In my post yesterday, I mentioned in passing that it was easy and practical for me to stop attending synagogue. It was also, for a host of reasons, necessary. But I've decided to go back to shul on a weekly basis. Now, by coincidence, I live next to my old rabbi and about a block from my old synagogue...but despite the synagogue rabbi inviting me back, I don't feel I fit in there anymore. I'm going to go to Young Israel instead, which is...erm, a bit further away. I've had some good experiences there.
It's not that I've come back to being frummer than Rabbi Farber, I'm still OTD. But Meetup groups just didn't do it for me, Unitarianism is too touchy-feely for me, and I don't really feel like congratulating myself every week at a humanist meeting. In a 21st century world which emphasizes personal responsibility and the American mythological narrative of "liberty" so much, I think the secular world has failed to create enough communitarian structures to positively reinforce those of us who can't go it alone.
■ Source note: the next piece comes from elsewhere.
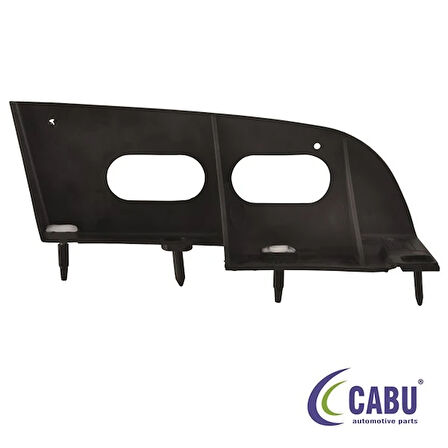 ARKA TAMPON BAGLANTI AYAGI SAG FOCUS 1 1998-2005 98ABF17E850AE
We have failed to back up our ideals in moral philosophy with any sense of a communal framework that takes itself as seriously as Orthodoxy takes itself. That's not to say Orthodoxy is perfect in this regard; when I was still frum, a rosh mechina screamed at me in public on two occasions that I could shut up about anything outside of gemara/tosafos or get out, and that was really where I lost my sense of community. And I don't mean to belittle the accomplishments of liberalism....they have been many, e.g. abolitionism, suffrage, civil rights, the welfare state, LGBT rights, jobs, etc. Still, while we secular skeptics take legitimate potshots at ideologies and ideologues, I don't think we've created the raw emotional connection to a purposeful community that Orthodoxy has. And even if I don't agree with the purpose, I need the community.
(Some theists and even atheists will argue that secular people can't have objective purpose. This is a discussion for another post down the pike.)